Donc, en permanence, vous respirez l’air du temps ? Nous sommes dans une époque où nous aspirons davantage à des notes végétales et fruitées plutôt qu’à des notes purement animales. Il y a une transformation de notre société mondiale notamment grâce aux nouvelles technologies et notre métier de chef doit tenir compte de toutes les nouvelles évolutions qui créent de nouvelles tendances. Nous sommes devenus des acteurs des réseaux sociaux et nous sommes au courant de toutes ces nouvelles modes auxquelles nous nous adaptons. Personnellement, je suis très curieux, je vais lire les blogs, consulter les réseaux sociaux pour m’inspirer de ce monde moderne et connecté.

Mais dans ce monde où vous êtes connecté, quel est votre essentiel ? Pour créer un plat, ce qui m’importe, c’est d’abord la sélection de la matière première, ensuite on assemble des parfums afin d’atteindre l’équilibre des goûts et des saveurs. J’aime travailler des parfums et des saveurs que nous n’avons pas l’habitude d’associer afin de créer la surprise, le bonheur visible sur le visage de celui ou de celle qui déguste ce plat. Ensuite, nous travaillons le design de l’assiette. Chaque plat doit être un plaisir relayé par tous les sens et l’épicurien(ne) qui déjeune ou dîne à ma table doit être en forme après l’expérience culinaire. Un repas ne doit pas être alourdissant tout en restant agréable et gourmand.

C’est une remise en question et un apprentissage permanent ? Tous les jours, nous focalisons une partie de notre temps dans la recherche et le développement pour créer des cartes Printemps-Été et Automne-Hiver. Ces cartes sont à l’image des maisons de mode. Ce sont des collections au fil des saisons, pour être au plus près des tendances tout en respectant la saisonnalité des matières premières. Tous les jours, dans notre département recherche et développement, nous goûtons des saveurs pour proposer une carte innovante et créative. Chaque collection est réalisée « élément par élément », non pas assiette par assiette. On reste dans l’artisanat. Mon objectif final reste toujours le plaisir et la satisfaction de voir mes clients(es) apprécier mes plats.

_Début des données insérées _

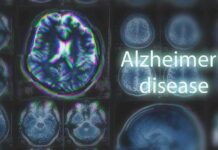 Surprise Alzheimer’s Red Flag in PCOS Women Brain MRI scans with highlighted section and text overlay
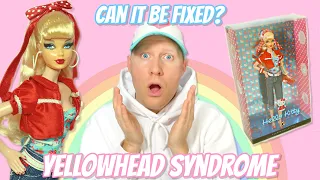 Yellowhead Sticky Syndrome: Can it be fixed? 🎀🧼💛 Doll restoration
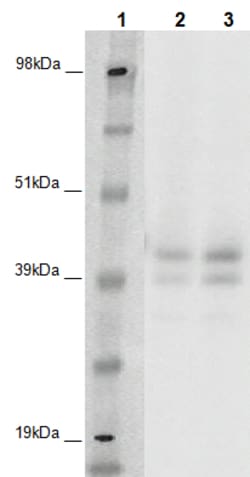 Eurofins Discoverx PathHunter CHO-K1 GPR142 β-Arrestin Orphan GPCR Cell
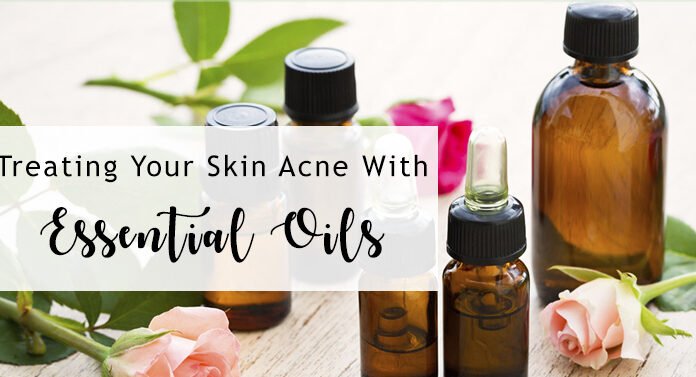 The 8 Best Essential Oils for Acne The 8 Best Essential Oils for Acne Review by Fix Your Skin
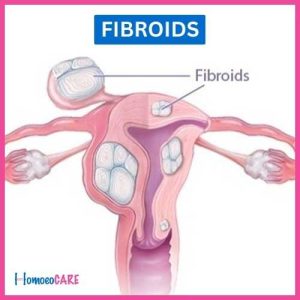 Fibroids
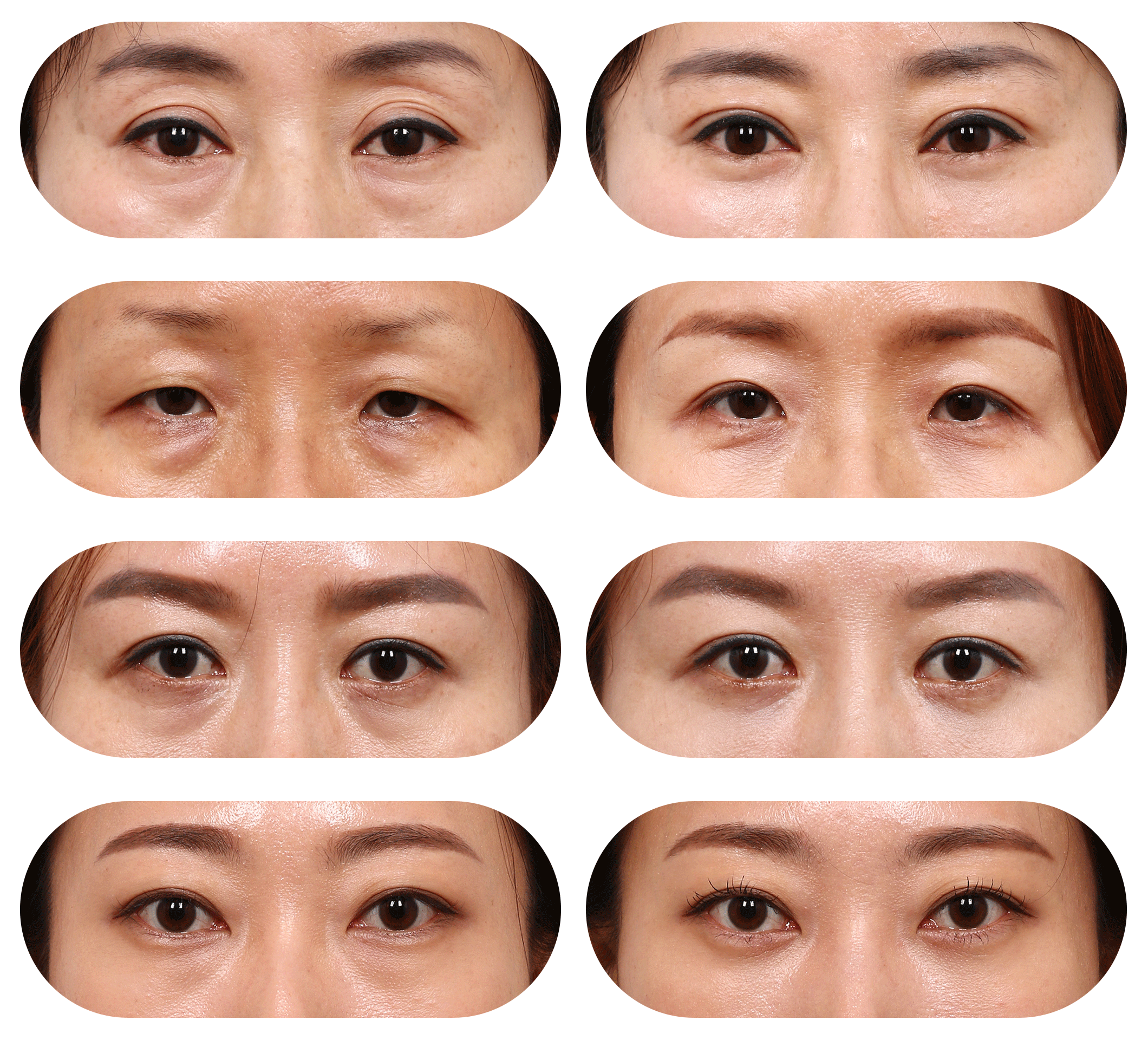 ǰĶԱƬ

Votre approche sensible et intelligente nous emmène vers un parallèle entre cuisine, mode et parfumerie ? Dans les trois domaines, nous sommes les ambassadeurs de cet art de vivre à la française. Le processus de création reste très similaire. Nous nous basons sur un savoir que nous adaptons à notre époque et aux nouveaux moyens d’élaboration. Nous travaillons notre curiosité et notre capacité d’observation pour proposer de nouvelles tendances, des directions artistiques...

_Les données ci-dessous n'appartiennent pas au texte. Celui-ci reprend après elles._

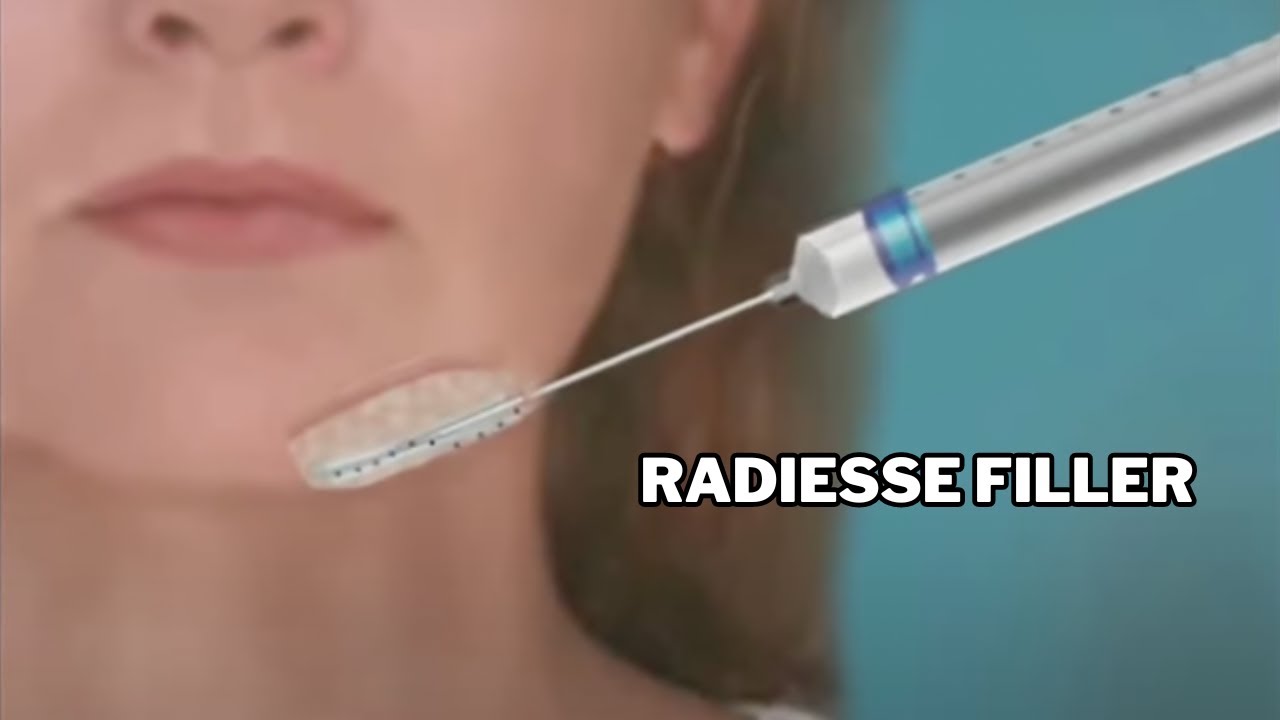 Radiesse Filler per Lifting non Chirurgico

Donc, nous sommes dans les Métiers d’Art ? Il y a une cuisine « Haute Couture » en France, une Haute Gastronomie raffinée et d’excellence que nous retrouvons notamment dans les restaurants étoilés et ce que je propose au restaurant Le Cinq. Notre clientèle est composée d’épicuriens(nes) avertis(es), de personnes cultivées à la recherche de l’exception comme un(e) client(e) désireux(se) d’acheter une pièce unique dans une Maison Haute Couture de la Mode.